An approach by a U.S. based asset manager with a large market share in both retail and institutional savings looks more like this:

Alternatively, data lake imagery is another way to depict the flow of data to investment personnel. Many firms have data lakes with some data, if not all of their data. Ideally the diagram below would also show data being piped directly from the countryside to the end user (4) as tools such as Bloomberg and Factset are mainstay in the industry.

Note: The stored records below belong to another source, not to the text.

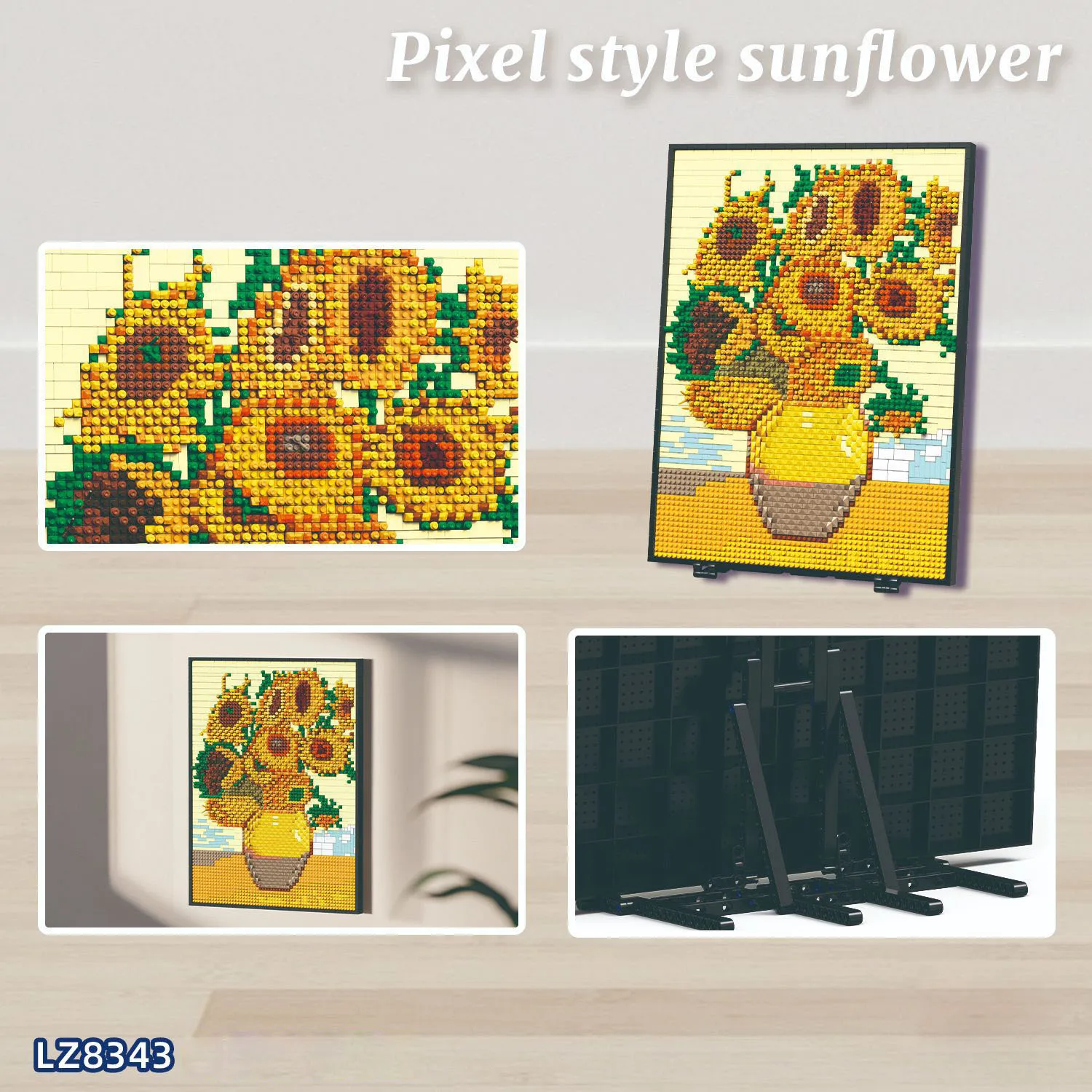 

Home Desk Decor Art Pixel Painting Idea Micro Diamond Block Sunflower Photo Frame Building Bicrks Toys Nanobricks For Gift
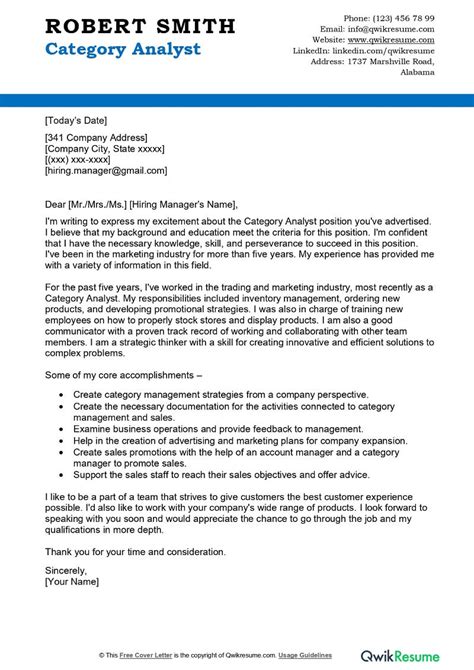 Internship Cover Letter Business Analyst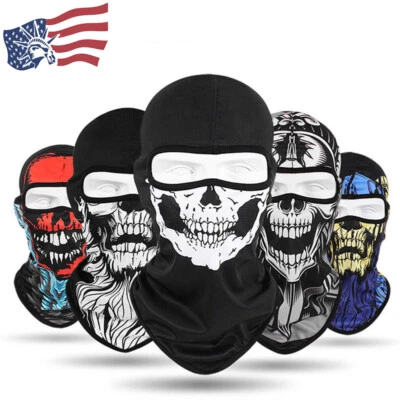 Máscara facial calavera fantasma de la muerte pasamontañas Halloween motocicleta ciclismo casco capucha Foto 1 de 4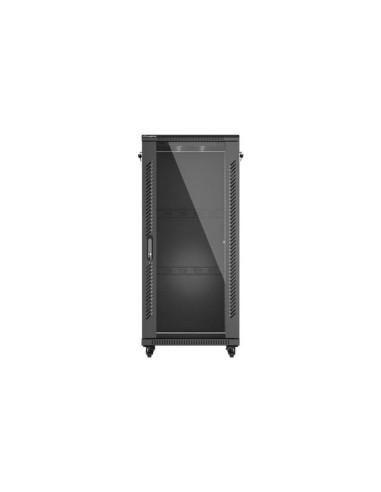 LANBERG 19" VOĽNE STOJÚCA RACKOVÁ SKRIŇA 27U/600X600 (FLAT PACK) S PRESKLENÝMI DVERAMI ČIERNA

Data Lake Process for Investment Management — click image to enlarge

While the images above are helpful for illustrating the components of a data strategy, they don’t address the leadership issue. Frequently, asset management firms are designating Chief Data Officers (CDOs), or similar positions & titles, to manage their data strategy. In a recent white paper co-authored by EagleAlpha and the recruitment firm Options Group, Jonathan Neitzell, Chief Data Officer at Goldman Sachs Asset Management, and Paul Booth, Global Head of Data at BlackRock Active Equities provided their thoughts on data strategy leadership.

Jonathan Neitzell:

“Why Designate a Chief Data Officer (CDO): Most large financial institutions have many distinct silos of excellence. However, I’ve found that these business units are rarely integrated, and the industry is missing the opportunity for insight exponentially increased by the number of teams involved. I expect the CDO role to evolve as the voice and opportunity of Data – representing a strategic and offensive asset. The CDO assigns a high priority role to Data to enhance translation, vision, and strategy across an organization.
CDO Objectives: The focus must be commercial – growing the opportunity relative to long term secular road maps and how we ultimately best serve the business unit stakeholders and customers. As such, I maintain that it is critical for the CDO to regularly interface with the business unit top executives (including CEO), as particularly early on one is navigating a sea of intangibles – often across various teams to bring about long term impact. Less than consistent interaction and dialogue has the potential to risk mission hijack.”

Paul Booth:

“Innovation and constant finessing of the data model is essential in a tough and competitive market but it must be balanced with strong data governance. As recent corporate crises have shown, data breaches go hand-in-hand with bottom line and reputation value destruction. That’s why a Chief Data Officer (CDO) function must be part of – and strongly supported by –the organization’s senior leadership team, and that their agenda is integrated across business units and backed by appropriate resources to do their job properly.
Given the speed of technological change, the CDO function (either as a separate role or part of the CIO/Investor mandate) should be given room to lead and grow, being complemented by investment teams open to trying new things. In return, CDOs must be great communicators able to make the case for change and demonstrate how “doing different” can reveal high quality alpha. And ‘different’ should not be confused with ‘radical’. Alternative and unusual data sources augments the investment decision process; it does not replace it. There is a great misconception that a single new data source will solve the question – this is not the case. Moreover, hiring a handful of data scientists and expecting them to “figure it out” does not and will never work. It needs a team with blended skills involving data management, data science, industry and sector equity domain expertise, financial markets expertise, data visualization, tool development, data hunting,negotiation skills and so on.
CDOs must understand how equity markets work, how different sectors operate, what questions are posed by fundamental investors, and what data to apply. The data and investment teams should work constructively with each other to push the boundaries and get the best results. In addition to the incoming requests from investment teams, my team is tasked with anticipating questions and proactively researching new data sets to answer questions yet to be posed by colleagues.”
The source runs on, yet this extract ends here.